Memo on alleged Jamaat al Muslimeen plot in Trinidad real; the threat itself, not so much

stephen williams

Acting Commissioner of Police Stephen Williams

PORT OF SPAIN, Trinidad, Thursday July 30, 2015 –Police chief Stephen Williams has ordered an investigation into how a confidential memo from the Special Branch, about an alleged plot by the Jamaat al Muslimeen to attack Prime Minister Kamla Persad-Bissessar’s homes and break out the men charged with the murders of a prominent prosecutor and businesswoman, was leaked to the public.

While acknowledging that the July 28 memo issued by the Head of the Special Branch was authentic, acting Commissioner of Police Stephen Williams yesterday told journalists that the same could not be said for the claims it contained.

At the same time, head of the Jamaat al Muslimeen Yasin Abu Bakr denied there were any such plot by his organization, charging that there were people trying to destabilize the country and insisting that Jamaat was no threat to the people of the twin-island republic.

The memo which began circulating on social media yesterday afternoon, stated that information had been obtained that Jamaat was planning to target Persad-Bissessar’s two private residences; free the 11 men charged this week with killing senior counsel Dana Seetahal as well as the 12 on trial for murdering businesswoman Vindra Naipaul-Coolman; and target police stations.

confidential memo on threat

The memo which was circulated on social media.

The correspondence, which was stamped ‘CONFIDENTIAL’, went on to instruct all Special Branch field sections to investigate the veracity of that information.

It was signed by a superintendent of police on behalf of the Special Branch head and circulated on Tuesday evening after information about the alleged plots reached the Special Branch, Commissioner Williams confirmed at a press conference called a few hours after the memo went public.

The top cop said the information on which the memo was based has not been verified and it would therefore not have been communicated to either him or the Prime Minister.

Adding that the Special Branch would normally issue memos like this about “any rumour they would have received”, he said it was “nothing unique and nothing special”.

However, Williams said: “What is unique in this particular instance is that a communiqué like that, which is limited to the officers of SB, would have reached out into the public domain.”

“That breach of confidentiality is one which would have been effectively facilitated by a member of the Special Branch.
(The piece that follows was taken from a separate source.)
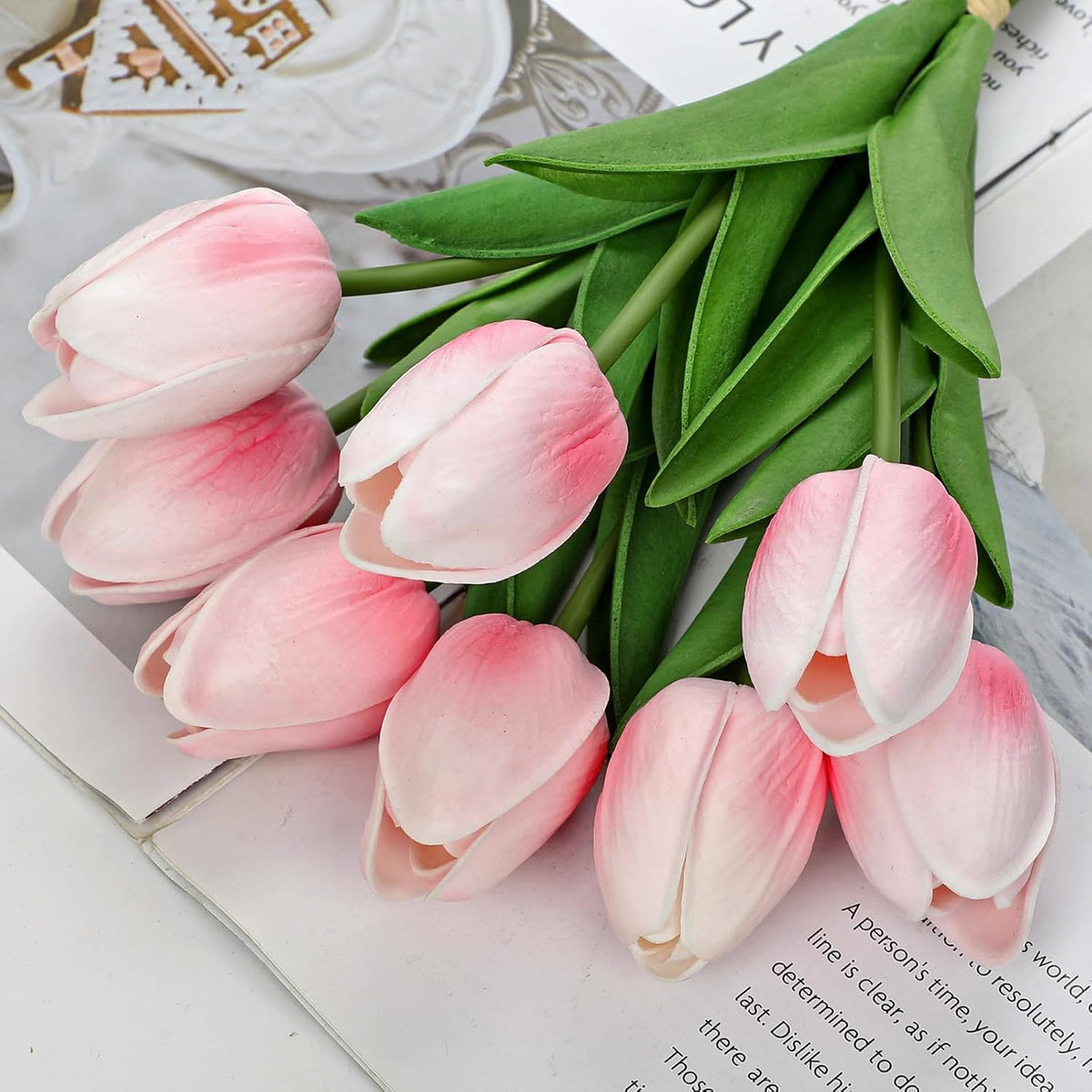 10.6IN Artificial Tulips in Ceramic Vase, Real Touch Flowers Faux Pink Tulips Arrangement for Home Office Wedding Anniversary Party Table Centerpiece Spring Easter Decor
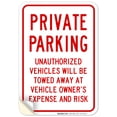 thumbnail image 1 of Private Parking No Parking Sign, 10x7 Vinyl Sticker, 1 of 1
An investigation has effectively been launched to verify which member of the SB has been responsible for that breach of confidence and confidentiality, and the appropriate action will be take in accordance with the law,” he added.

Williams said he expected a report on that probe by next Monday, August 3.

The memo was issued two days after 11 members of Jamaat appeared in court for the Seetahal murder and were remanded to prison. Those charged with Naipaul-Coolman’s murder are also connected to Jamaat.

But Abu Bakr, who led the July 27, 1990 attempted coup, has distanced his organization from the alleged plots.

“There appears to be persons spreading rumours, with a view to causing mischief to destabilize our country,” the Imam said in a statement, adding that any issues Jamaat had were being dealt with legally.

“There is no threat to the population of Trinidad and Tobago by the Jamaat al Muslimeen.”

Abu Bakr further called on police to “act within the constraints of the law to take every precaution to avoid discrimination against Muslims”.